1403 ethernet-innovation coverEthernet’s success in the marketplace is undeniable, and market-driven standardization has been instrumental in its success. It’s a cycle of synergistic innovation and market growth that has been spinning for decades. Ethernet has become entwined with almost every pattern and process of every-day life around the world. Whether a personal computer (PC) has a direct connection to a router or an indirect connection through a “Wi-Fi®” access point, it is highly likely that Ethernet is providing the connection to the Internet.

In one way or another, Ethernet networks are used in, or in support of, data centers, PCs, laptops, tablets, smartphones and now, power infrastructure and smart meters, personal medical devices, the Internet of Things, connected cars and a sprawling array of established and emerging technologies. The Internet, Wi-Fi, Big Data, cloud computing, in-vehicle networking and infotainment, the smart grid, computer gaming, eHealth and numerous other high-tech applications all are supported by Ethernet—oftentimes, imperceptibly so.
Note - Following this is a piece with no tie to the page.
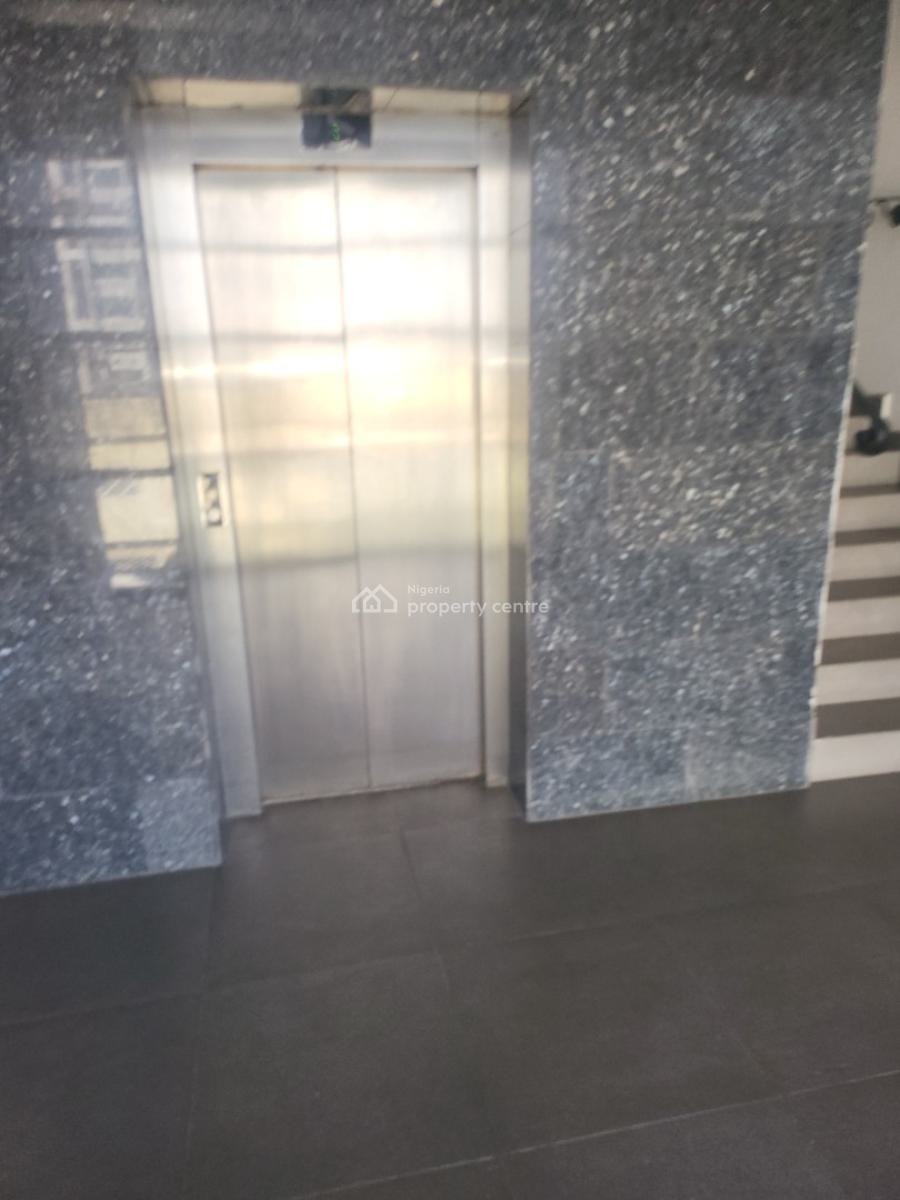 Luxury 3 Bedroom Flat with Bq, Central Lekki Estate, Lekki Phase 1, Lekki, Lagos, Flat / Apartment for Rent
As Bob Metcalfe, Ethernet co-inventor and now Professor of Innovation at The University of Texas at Austin, described at the Ethernet Alliance blog in August 2013: “Ethernet began as a very high-speed packet-switching local area network (LAN) for extending the Internet into buildings to reach personal computers and their servers.
However, Ethernet has been evolving and re-invented for some 40 years, making it so much more than just a networking technology or a means for connecting computers together. At its heart, Ethernet is a brand—an innovation brand. Brands make promises, so it’s entirely appropriate to ask what promises Ethernet makes … such as the promise of openness, interoperability, and higher speeds at lower costs. Ethernet’s promises also come in the form of open (de) jure standards; owned rather than open source implementations; and fierce competition but interoperability among competing products. It also means preservation and backward compatibility with the installed base and the rapid evolution of IEEE standards based on market engagement. Long live Ethernet!” [1]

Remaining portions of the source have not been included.